Zow. Contraception- and gay-friendly. This ain't your Old Timey Religion. Though WTF it is remains to be seen. But, hey, anything to divide the right is okey dokey with us.

10 comments:

brebis noire said...

Evangelicals have always been traditionally and firmly Protestant when it comes to contraception. Bandwagon? Are they trying to insult their Protestant allies?
Evangelicals tend to view the traditional Catholic laissez-faire approach to reproduction as showing poor stewardship (that's "management" in evangeli-speak). Unless they're Quiverfull people, but that's a very marginal movement even in the evangelical fold.

Anonymous said...

I miss the days when religious was a word used to describe your uncool parents.

BP

Anonymous said...

Divide or slowly, painfully, educate the right?

Actually, Sister Ted has always welcomed gays into his church. I happen to know that back in the early days of the New Life Church, when he ran it out of his basement, Teddy would cruise the gay bars in Denver looking for potential 'parishioners'. There's a line I never thought to use.

Srsly, I don't make this stuff up.

Bina said...

Evangelicals are all for contraception...EXCEPT for unmarried teenagers. Who are the ones who should be using it the most. There, they're only for abstinence...which only works when you're all alone. Which teenagers rarely are.

So in a way, they're still just like the Catholics on this.

Luna said...

Gay friendly, if you find being told that your attraction to your own sex is evil and that you'll go to hell if you act on it, sure.
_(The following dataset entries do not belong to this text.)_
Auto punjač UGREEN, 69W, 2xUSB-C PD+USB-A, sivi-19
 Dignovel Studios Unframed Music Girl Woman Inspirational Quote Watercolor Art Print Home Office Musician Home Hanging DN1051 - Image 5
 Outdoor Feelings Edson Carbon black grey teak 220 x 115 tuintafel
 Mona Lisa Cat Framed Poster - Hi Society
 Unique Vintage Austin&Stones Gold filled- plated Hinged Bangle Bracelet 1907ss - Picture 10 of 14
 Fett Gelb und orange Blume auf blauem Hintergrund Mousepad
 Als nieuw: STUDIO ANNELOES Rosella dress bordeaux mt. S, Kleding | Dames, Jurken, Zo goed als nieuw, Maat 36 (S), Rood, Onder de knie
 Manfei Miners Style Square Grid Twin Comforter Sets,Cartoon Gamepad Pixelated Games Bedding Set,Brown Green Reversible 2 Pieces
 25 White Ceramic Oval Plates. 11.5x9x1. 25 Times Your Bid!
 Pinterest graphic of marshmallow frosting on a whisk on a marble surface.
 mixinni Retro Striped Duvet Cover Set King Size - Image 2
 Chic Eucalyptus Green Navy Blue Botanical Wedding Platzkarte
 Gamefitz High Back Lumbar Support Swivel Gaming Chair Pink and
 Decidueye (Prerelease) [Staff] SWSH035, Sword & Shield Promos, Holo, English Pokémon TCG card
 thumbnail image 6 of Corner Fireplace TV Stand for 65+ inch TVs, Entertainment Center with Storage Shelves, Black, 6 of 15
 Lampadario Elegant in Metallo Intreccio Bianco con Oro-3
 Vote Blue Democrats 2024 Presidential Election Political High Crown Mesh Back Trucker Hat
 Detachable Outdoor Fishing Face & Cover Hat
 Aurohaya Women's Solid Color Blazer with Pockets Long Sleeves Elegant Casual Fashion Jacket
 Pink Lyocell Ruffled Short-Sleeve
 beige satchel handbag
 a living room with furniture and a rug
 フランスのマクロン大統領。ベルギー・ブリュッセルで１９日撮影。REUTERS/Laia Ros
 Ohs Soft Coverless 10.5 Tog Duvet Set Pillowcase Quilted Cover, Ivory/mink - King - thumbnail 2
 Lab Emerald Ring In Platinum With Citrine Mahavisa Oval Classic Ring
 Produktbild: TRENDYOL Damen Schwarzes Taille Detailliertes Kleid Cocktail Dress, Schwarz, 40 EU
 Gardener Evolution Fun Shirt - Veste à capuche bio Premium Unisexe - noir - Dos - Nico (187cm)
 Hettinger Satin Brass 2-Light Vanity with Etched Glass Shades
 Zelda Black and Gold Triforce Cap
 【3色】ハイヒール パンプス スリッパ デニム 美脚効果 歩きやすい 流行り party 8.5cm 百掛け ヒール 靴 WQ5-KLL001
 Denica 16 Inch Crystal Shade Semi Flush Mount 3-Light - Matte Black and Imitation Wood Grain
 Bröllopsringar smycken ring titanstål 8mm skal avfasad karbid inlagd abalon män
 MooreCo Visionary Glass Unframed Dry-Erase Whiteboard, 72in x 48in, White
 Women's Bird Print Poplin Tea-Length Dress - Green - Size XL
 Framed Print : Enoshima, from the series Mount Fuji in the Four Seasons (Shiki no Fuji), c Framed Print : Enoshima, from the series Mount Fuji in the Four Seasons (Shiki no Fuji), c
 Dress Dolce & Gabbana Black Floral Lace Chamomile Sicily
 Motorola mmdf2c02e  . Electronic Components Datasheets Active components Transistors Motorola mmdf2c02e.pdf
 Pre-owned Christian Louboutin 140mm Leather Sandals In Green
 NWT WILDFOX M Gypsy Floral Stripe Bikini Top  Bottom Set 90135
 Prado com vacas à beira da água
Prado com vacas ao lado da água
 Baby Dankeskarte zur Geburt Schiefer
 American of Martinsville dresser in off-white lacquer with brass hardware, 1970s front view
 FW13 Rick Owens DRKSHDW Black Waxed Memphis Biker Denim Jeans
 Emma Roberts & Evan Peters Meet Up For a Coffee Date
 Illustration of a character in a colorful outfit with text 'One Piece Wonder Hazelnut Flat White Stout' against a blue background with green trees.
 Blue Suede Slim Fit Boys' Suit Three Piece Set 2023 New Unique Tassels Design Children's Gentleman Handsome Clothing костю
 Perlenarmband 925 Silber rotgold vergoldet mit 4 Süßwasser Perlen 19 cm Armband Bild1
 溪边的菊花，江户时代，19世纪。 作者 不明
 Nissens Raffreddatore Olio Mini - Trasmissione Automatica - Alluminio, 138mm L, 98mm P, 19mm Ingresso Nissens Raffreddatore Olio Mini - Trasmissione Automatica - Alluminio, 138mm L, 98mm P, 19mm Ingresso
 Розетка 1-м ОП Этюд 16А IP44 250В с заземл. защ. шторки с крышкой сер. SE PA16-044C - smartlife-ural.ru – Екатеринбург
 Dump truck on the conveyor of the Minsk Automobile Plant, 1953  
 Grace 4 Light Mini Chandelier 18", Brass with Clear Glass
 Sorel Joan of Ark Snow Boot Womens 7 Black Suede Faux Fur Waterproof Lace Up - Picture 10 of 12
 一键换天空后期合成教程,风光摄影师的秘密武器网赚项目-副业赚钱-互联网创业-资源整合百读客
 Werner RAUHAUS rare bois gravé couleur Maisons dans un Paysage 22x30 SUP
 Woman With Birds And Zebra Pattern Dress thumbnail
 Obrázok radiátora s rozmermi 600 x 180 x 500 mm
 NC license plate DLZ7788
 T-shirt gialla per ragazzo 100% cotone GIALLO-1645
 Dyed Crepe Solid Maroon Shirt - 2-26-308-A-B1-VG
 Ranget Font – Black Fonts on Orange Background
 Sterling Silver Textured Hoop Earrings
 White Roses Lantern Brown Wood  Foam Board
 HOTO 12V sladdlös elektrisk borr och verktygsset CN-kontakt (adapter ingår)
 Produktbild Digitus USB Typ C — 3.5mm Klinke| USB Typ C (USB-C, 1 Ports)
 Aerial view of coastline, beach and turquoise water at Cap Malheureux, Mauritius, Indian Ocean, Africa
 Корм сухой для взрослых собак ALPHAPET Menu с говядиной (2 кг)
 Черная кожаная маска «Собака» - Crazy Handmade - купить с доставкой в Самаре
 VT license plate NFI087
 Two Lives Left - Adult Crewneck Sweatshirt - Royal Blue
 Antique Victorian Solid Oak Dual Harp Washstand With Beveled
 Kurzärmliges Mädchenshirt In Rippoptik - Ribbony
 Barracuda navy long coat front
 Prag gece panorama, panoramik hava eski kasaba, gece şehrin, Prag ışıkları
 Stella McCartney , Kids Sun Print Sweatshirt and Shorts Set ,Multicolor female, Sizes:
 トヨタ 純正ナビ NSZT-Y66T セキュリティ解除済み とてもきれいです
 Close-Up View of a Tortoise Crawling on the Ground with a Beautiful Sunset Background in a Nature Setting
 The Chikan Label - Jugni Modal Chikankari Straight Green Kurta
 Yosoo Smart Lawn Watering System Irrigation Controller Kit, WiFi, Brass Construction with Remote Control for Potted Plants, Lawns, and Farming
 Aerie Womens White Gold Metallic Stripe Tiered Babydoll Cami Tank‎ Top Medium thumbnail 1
At my church, our youth group went to listen to a gay man talk about how his church tried to reform him, and how he's recovering from the abuse he suffered there. That's gay friendly.

fern hill said...

Luna, you're right. I should have said something like 'non-gay-hating' or 'non-Phelpsian towards gays'. Or. . .

Pseudz said...

Non-Phelpsian ??? Search guidance, please.

fern hill said...

Never run across the loathesome Phelpses before? Enjoy.

Pseudz said...

Oh. Thaaaaat Phelps. I guess that I'd disconnected his name from memory of his hateful church. Thanks.

Luna said...

*nod* I wondered if you were being tongue-in-cheek about 'gay friendly' there. :)

It's like how the Anglicans say they're gay-friendly. They're not. You're welcome there. Unless you want to be a minister. And as long as you don't mind them saying your sexual encounters are sinful. Pisses me off.

I wonder how my church (my particular church, I mean, not my denomination) would react if a man showed up in a dress...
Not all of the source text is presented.